Ahora tenía un héroe secreto. Secreto por una razón muy sencilla: no sabía en qué consistía su heroicidad. No podía entonces saber que me atraía su estilo, su manera de explorar y dejar constancia de su paso por el mundo.
Tanto Graziano como mi padre pensarían que habían construido la casa de sus sueños y allí vivirían para siempre, pero en Chuao estábamos solo de paso. La ciudad crecía vertiginosa y la calle Glorieta se transformó en la vía de salida del largo eje que va más allá del Cafetal. Ya no era el pastoral suburbio donde Teodocio paseaba, por dos bolívares la hora, a unos niños soñolientos en unos caballos aburridamente mansos por ser tan viejos como su dueño. Había entonces muchas parcelas vacías llenas de monte, donde Teodocio dejaba a sus animales durmiendo y pastando.
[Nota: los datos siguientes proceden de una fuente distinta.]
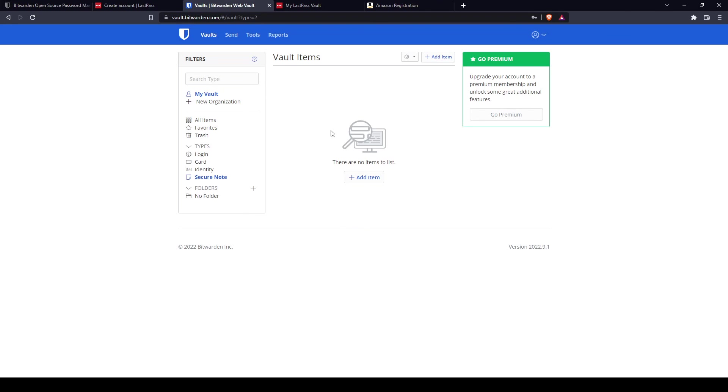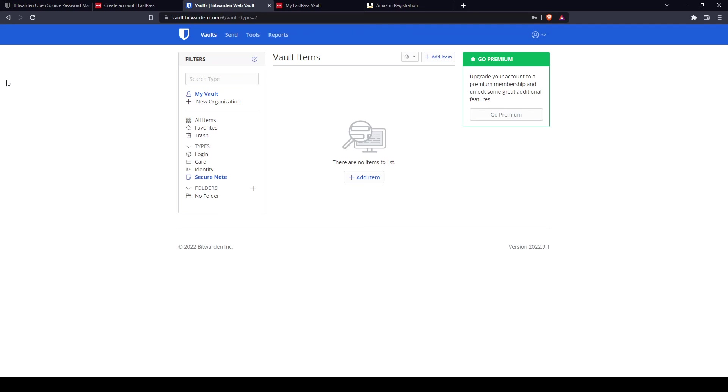Regarding security, both of them have two-factor authentication that you can turn on in the settings. The main difference for me is Bitwarden is open source and LastPass is not. So what is open source? The difference with open source code is you can verify for yourself whether the code is secure, the code that they use for the password manager. With closed source programs like LastPass, you need to take it on faith that a piece of code that they use works properly. For me, Bitwarden wins that round.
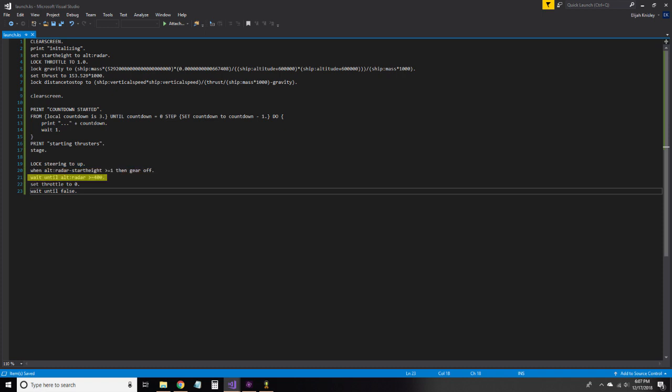We wait until we have reached 400 feet and shut off the engine. Let's take a break and test our code so far. Just put a wait until true here, that way the program doesn't end prematurely.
Decenas de años después, Graziano describiría con nostalgia los noctámbulos sonidos de cuando estrenaba su casa. Le enternecía escuchar los cascos en el asfalto de un caballo cambiando de lote, y sonreía mientras imitaba con chasquidos el sonido del eco que llegaba a nuestros lechos poco antes de la madrugada.
En esos días le pregunté a mi padre qué hacían en esos recorridos por Venezuela de los que llegaba agotado y feliz. La respuesta era fácil, pues habían viajado juntos una sola vez. Supongo que habló tantas veces de ese único viaje a Puerto Nutrias, que supuse se trataba de una travesía de meses por todo el país. No sé cuántas horas, cuánto asfalto y cuánta tierra tomaba a inicios de los años sesenta llegar a ese pueblo al borde del río Apure, que fue próspero en la colonia y luego se fue desvaneciendo como el Ortiz de Casas Muertas. Mi padre describía paisajes de tanta belleza como desolación, con un río anchísimo donde no convenía bañarse por los caimanes, y un puerto sin las barcas que transportaron miles de reses antes de la Independencia, y un templo que no se decidía a convertirse una ruina. Se bajaron del carro con hambre y con sed y empezaron a tomar fotos uno de esos mediodías con un calor auditivo, de zumbidos y picor en la nuca. A la hora, mi padre pensó que faltaba poco para iniciar el regreso o, al menos, buscar donde comer. Resulta que Gasparini apenas estaba comenzando. Había tomado solo unas cuantas panorámicas; faltaba retratar el templo a conciencia y, además, algo que a mi padre le resultó inconcebible y casi cruel, levantar con una cinta métrica su planta, cortes y fachadas, para luego, de vuelta en Caracas, dibujar los planos necesarios para una futura restauración que, desde hacía decenas de años, era urgente.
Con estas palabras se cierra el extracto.